TASK: Take the line containing "3349 Mercedes-Benz W123" and every line after it to the end of the records, and copy them exactly, excluding pictures.

(Beginning of DATA FOR THIS EXERCISE)

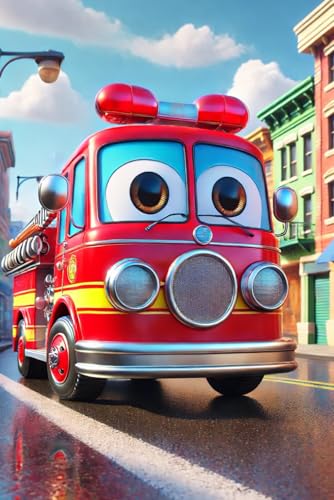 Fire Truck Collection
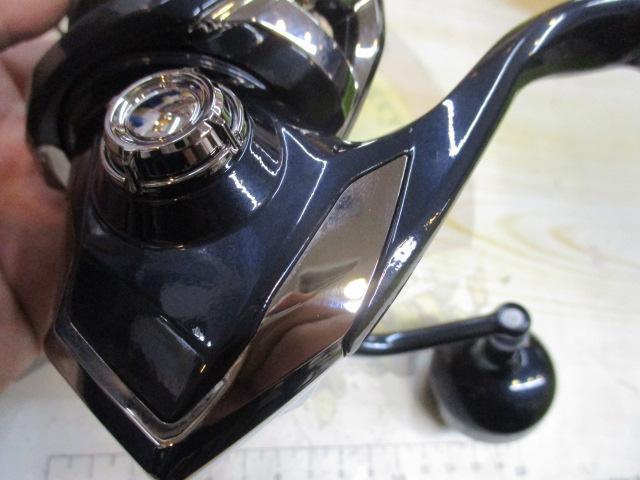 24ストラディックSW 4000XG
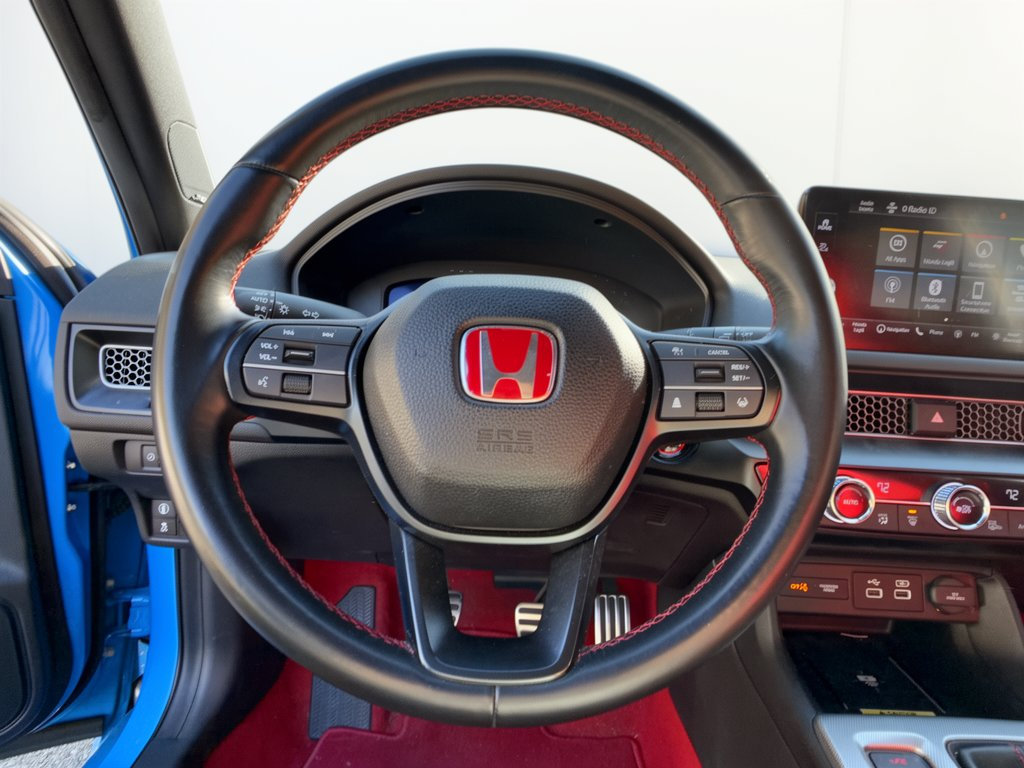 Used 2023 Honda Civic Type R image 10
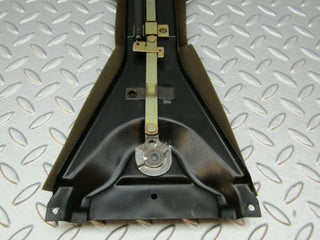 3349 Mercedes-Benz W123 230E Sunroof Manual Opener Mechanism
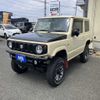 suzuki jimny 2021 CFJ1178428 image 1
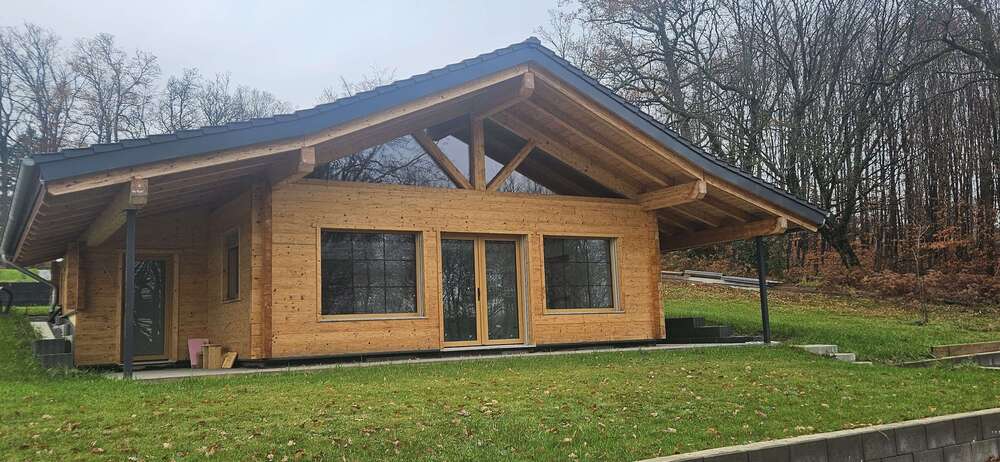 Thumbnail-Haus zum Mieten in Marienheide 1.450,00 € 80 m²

(End of DATA FOR THIS EXERCISE)

RESPONSE BOX:
 3349 Mercedes-Benz W123 230E Sunroof Manual Opener Mechanism
 suzuki jimny 2021 CFJ1178428 image 1
 Thumbnail-Haus zum Mieten in Marienheide 1.450,00 € 80 m²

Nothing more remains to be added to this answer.